Let us say that the 8 numbers are a1 b1, a2 b2, a3 b3 … a8 b8 …{eg: 38}
They actually represent a1*10 + b1, a2*10 + b2 … a8*10 + b8 …{eg: 3*10 + 8}
Sum of the numbers = (a1 + a2 + a3 .. a8)*10 + (b1 + b2 + b3 .. b8)
Reversed numbers will be b1 a1, b2 a2, … b8 a8
Sum of the reversed numbers will be (b1 + b2 + b3 .. b8)*10 + (a1 + a2 + a3 .. a8)
Reverse sum – actual sum = 36 … {Given in the question}
(b1 + b2 + b3 .. b8)*9 – (a1 + a2 + a3… a8)*9 = 36
=> (b1 + b2 + b3 … b8) – (a1 + a2 + a3 … a8) = 4 {9 can be taken common and cancelled from both sides}
=> Sum of the units digits – Sum of the tens digits = 4
Most Upvoted Answer
A student was given 8 two-digit numbers to add,by a teacher.If the stu...
To solve this problem, let's break it down step by step:
Step 1: Let's assume the ten's digit of the first number is a and the unit's digit is b. So the original number is 10a + b.
Step 2: If we reverse this number, we get 10b + a.
Step 3: Now, let's add the original number and the reversed number:
(10a + b) + (10b + a) = 11a + 11b = 11(a + b)
Step 4: According to the problem, the sum of the reversed numbers is 36 more than the actual sum. So we can write the equation as:
11(a + b) = (a + b) + 36
Step 5: Simplifying the equation:
10(a + b) = 36
Step 6: Divide both sides of the equation by 10:
a + b = 3.6
Step 7: Since the ten's digit and unit's digit are integers, we can conclude that a + b must be equal to 4.

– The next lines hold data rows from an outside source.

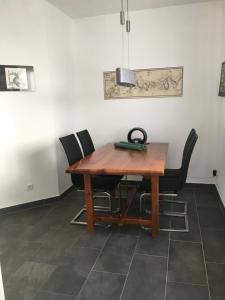 Gästehaus Weingut Meierer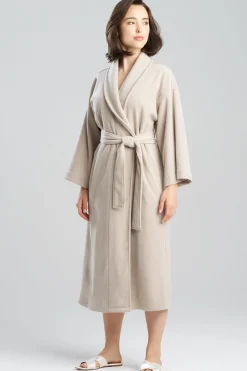 Kham Robe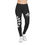 Thumbnail: BCmXUseWomen's Casual Leggings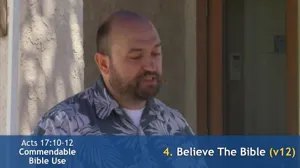 YouTube video thumbnail.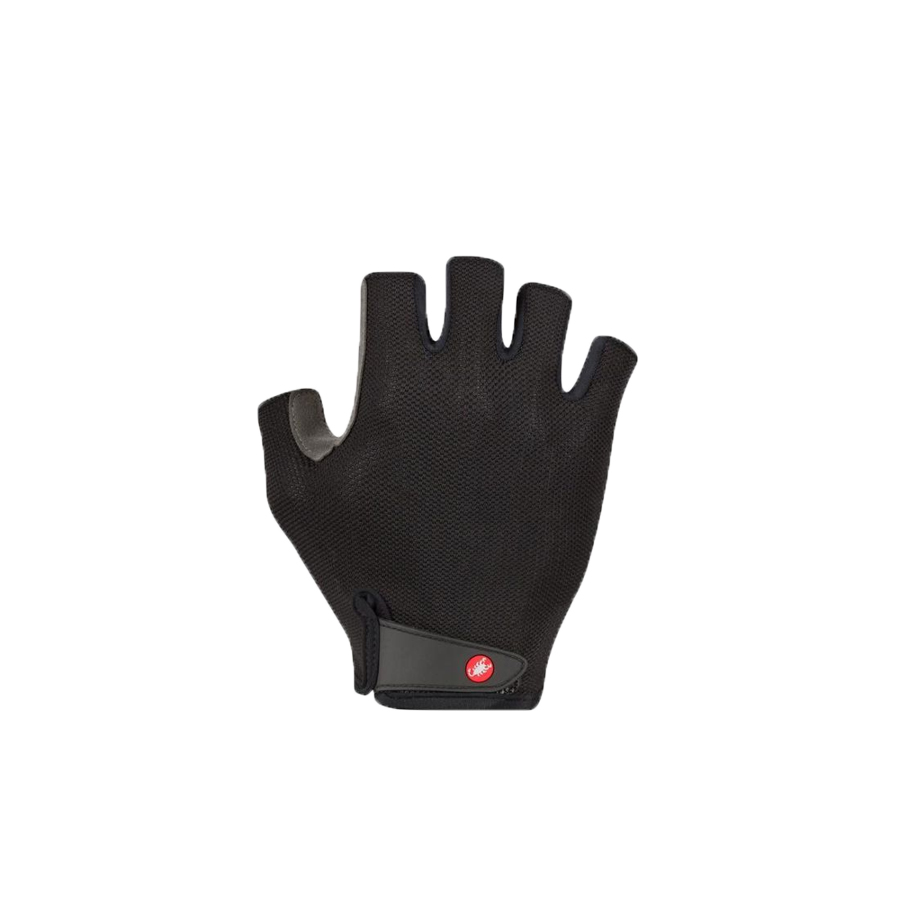 Guantes Castelli Competizione Mujer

Step 8: Now, let's consider the excess of the sum of the unit's digits over that of the ten's digits. The unit's digit sum is b + b + b + b + b + b + b + b = 8b. The ten's digit sum is a + a + a + a + a + a + a + a = 8a.
Step 9: We need to find the excess of the unit's digit sum over the ten's digit sum, which is 8b - 8a.
Step 10: Since a + b = 4, we can rewrite it as b = 4 - a.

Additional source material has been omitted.